The data path for Kafka and Elasticseach contains two directories, one for each HDD so has to take advantage of stripping.
Detailed Architecture :
Node1 : message producer.
Node 1.2.3 : Zookeeper
Node 1, 2, 3, 4 : Kafka
Node 2, 3, 4: Logstash, Elasticsearch
Node 4: Kibana
The messages to index once in JSON is around 400 Bytes. Kafka topics has 10 partitions each.
Logstash pipeline input forms one Kafka consumer group per topic. Logstash kafka bootstrap server setting is configured to the localhost to consume the Kafka instance running on same host. It is to avoid useless network communication between Kafka nodes. However not sure if Kafka forces a consumer to read partitions on another host beside the given bootstrap server setting.

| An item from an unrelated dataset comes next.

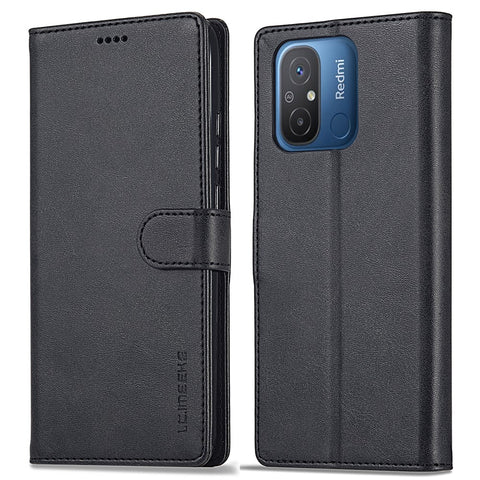 LC.IMEEKE For Xiaomi Redmi 12C 4G / 11A 4G Drop-proof Phone Case Calf Texture Wallet Stand Leather Cell Phone Cover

Elasticsearch index has a template to convert each field of the message to the correct format. It also has a pipeline to automatically generates a monthly topic based on the message timestamp and to discard two identic messages. Each index is configured to use 36 shards. Measured shard size does not go over 2GB for a year of messaging.
- kafka has JMX/JMS to 1Go.
- Logstash has JMX/JMS to 12Go.
- Elasticseach has JMX/JMS to 15Go.
Measured indexing rate: 15000 messages/s with a logstash batch size of 40000.
At some point Elasticsearch hangs with bulk exceptions, hot threads shows time spent on flush operation. This is because of a too large batch size setting. If I reduce the batch size to save some memory for OS filecaching, the indexing rate drops significantly but Elasticsearch remains stable over time.